My advice is that if you’re going to run a Terminal Services environment, then use terminals rather than PCs as user workstations. If terminals simply are not an option, then you need to consider making the workstations domain members or investing in third-party desktop lockdown software.

As of August 2006, Longhorn Server and Windows Vista are both still in beta testing. Even so, both products are far enough along in the development process that we can get an idea of what features are in place to prevent unauthorized software from being installed or executed. Being that these products are in the beta phase of development though, anything that I talk about in this section could potentially change by the time that these new operating systems are released.

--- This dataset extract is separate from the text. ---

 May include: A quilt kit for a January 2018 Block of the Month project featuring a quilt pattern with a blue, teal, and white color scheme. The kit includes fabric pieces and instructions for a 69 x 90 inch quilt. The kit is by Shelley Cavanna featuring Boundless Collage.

In case you are unfamiliar with Longhorn Server and Windows Vista, they are Microsoft’s next-generation operating systems. Longhorn Server will be the replacement for Windows Server 2003, and Windows Vista will be the successor to Windows XP. Both operating systems use the same underlying code base, and are therefore very similar to each other. Microsoft claims (and my research confirms) that Longhorn Server and Windows Vista will be the most secure operating systems that Microsoft has ever released.

As with Windows Server 2003, the primary mechanisms in Longhorn Server for preventing unauthorized software are the software restriction policies. Although software restriction policies have not changed a great deal since Windows Server 2003, some changes have been made.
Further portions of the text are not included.